Manhattan District Court says no more cohibas

Most people think Cohiba cigars are made by Cuba or at least from original Cuban tobacco plants. Some say the tobacco for these premium cigars is smuggled into the country or that Cohiba cigars are brought into the U.S. through diplomatic back doors.

The truth is Cohíba was originally a private brand supplied exclusively to Fidel Castro and high-level officials in the Communist Party of Cuba. It was often given as a diplomatic gift, so says Wikpedia. Since Cohibas were not legally for sale in the U.S. it became a prized possession for those who could get their hands on one. In 1982 it was released for sale to the public, mostly in South America by Cubatobacco, a Cuban state owned company.

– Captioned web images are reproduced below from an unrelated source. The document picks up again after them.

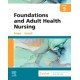 Foundations and Adult Health Nursing, 9th Edition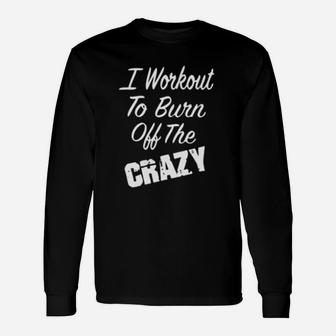 I Workout To Burn Off The Crazy Unisex Long Sleeve | Crazezy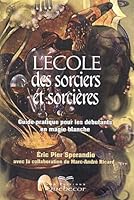 L'Ecole des sorciers et des sorcières : Guide pratique pour les débutants en magie blanche 2764005555 Book Cover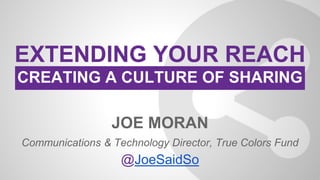 JOE MORAN
Communications & Technology Director, True Colors Fund
@JoeSaidSo
EXTENDING YOUR REACH
CREATING A CULTURE OF SHARING
 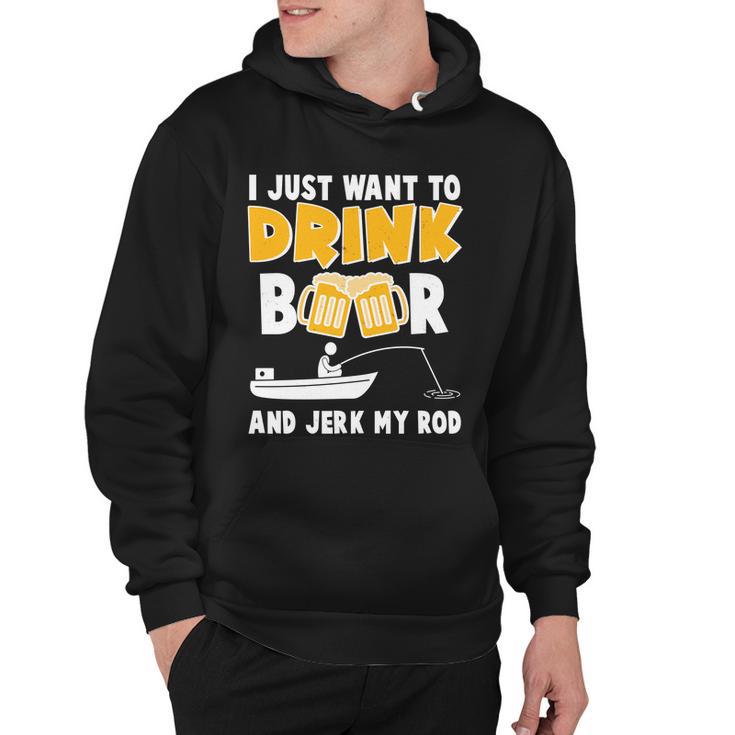 I Just Want To Drink Beer And Jerk My Rod Fishing Tshirt Hoodie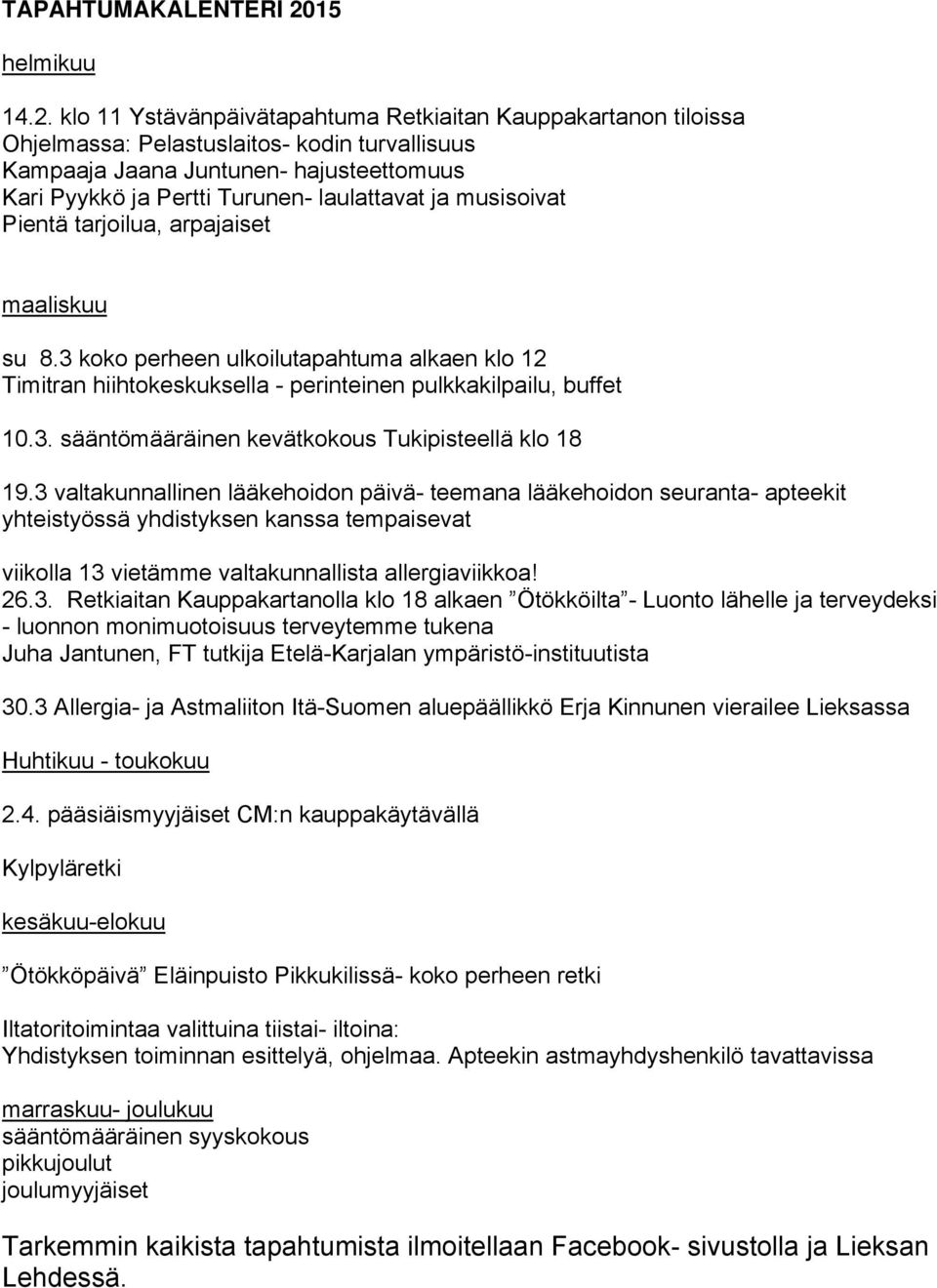 klo 11 Ystävänpäivätapahtuma Retkiaitan Kauppakartanon tiloissa Ohjelmassa: Pelastuslaitos- kodin turvallisuus Kampaaja Jaana Juntunen- hajusteettomuus Kari Pyykkö ja Pertti Turunen- laulattavat ja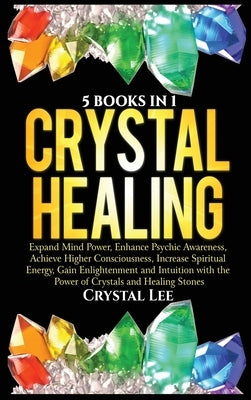 Crystal Healing: 5 Books in 1: Expand Mind Power, Enhance Psychic Awareness, Achieve Higher Consciousness, Increase Spiritual Energy, G by Lee, Crystal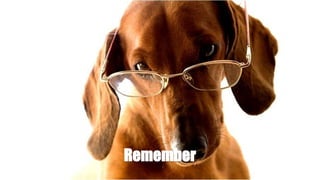 Remember
 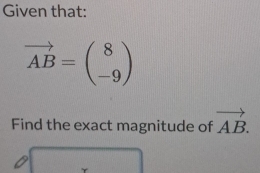 Given that:
vector AB=beginpmatrix 8 -9endpmatrix
Find the exact magnitude of vector AB.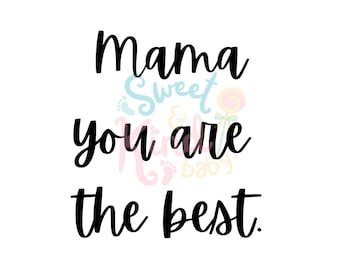 Mama you are the best digital file, Mother’s Day. Svg, png digital file for cutting machine.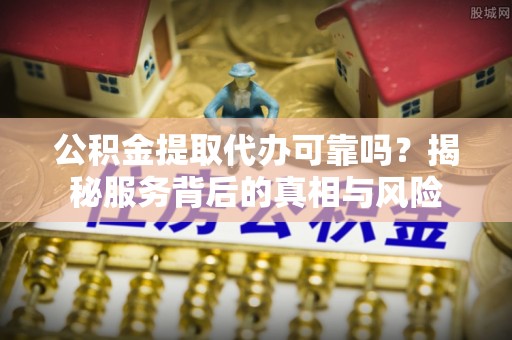 万里公积金提取代办可靠吗？揭秘服务背后的真相与风险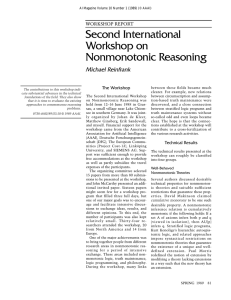 Second International Workshop on Nonmonotonic Reasoning Michael Reinfrank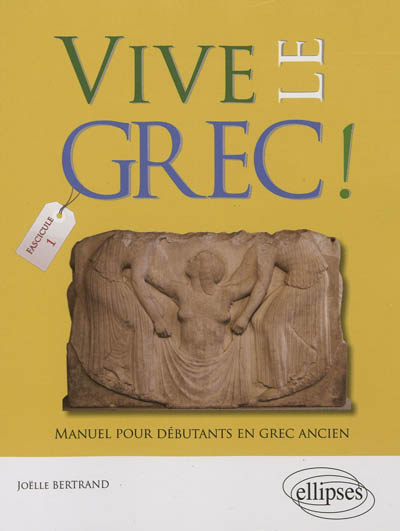 Vive le grec ! : manuel pour débutants en grec ancien. 1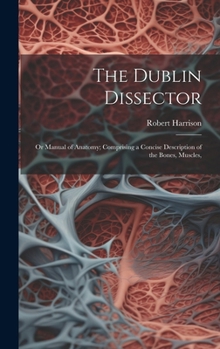 Hardcover The Dublin Dissector; or Manual of Anatomy; Comprising a Concise Description of the Bones, Muscles, Book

Meanwhile, some cats with lots on the ball realized Cubatobacco could not register the Cohiba name in the U.S. and appropriated the Cohiba name for their own company called General Cigar. Cubatobacco was left out in the cold since the embargo with Cuba prevented Cubatobacco from protecting it's brand name. Hence, there grew to be two Cohibas, one made in Cuba by Cubbatobacco and which undergoes an extra fermentation process. A second type of Cohiba is produced for General Cigar and is sold in the U.S.

If a decision by Manhattan Federal District Judge Robert Sweet is upheld, the Judge says there will be no more Cohibas made by General Cigar because it cannot continue using the Cohiba name. Instead, Cubatobacco has rights to the name under law known as the "famous marks doctrine", wherein a foreign company may retain the rights to it's trade mark even if it fails to register the name.

The "famous marks" doctrine was no doubt established through case law in order to protect trade marks of U.S. made products, since it is unfair to expect other nations to respect trademarks for U.S. products if the U.S. does not reciprocate. foreign trade marks which have not been registered since the same is expected of other countries regarding U.S. products.

Cigar aficionados who plan to buy the real Cohiba cigar made in Cuba should not hold their breath. While the court decision protects Cubatobacco's rights to the Cohiba name, it does nothing to assist the company import Cuban made Cohibas into the U.S. It is still illegal for US citizens to buy Cuban products no matter where they are found, including the infamous Cohiba cigar. However, the decision is a tiny step in Cuba's favor as the United States and Cuba rethink the wisdom of keeping Cuban products out of the hands of Americans, and American products outside the hands of Cubans.

The battle for the Cohiba name is not over yet. Judge Sweet stayed his order so that General Tobacco could appeal the decision, a likely event since the battle for the Cohiba name has been raging for 10 years.

Shakespeare said, a rose by any other name will smell as sweet, Cubatobacco says a cigar named Cohiba will never be as sweet as a Cohiba made in Cuba.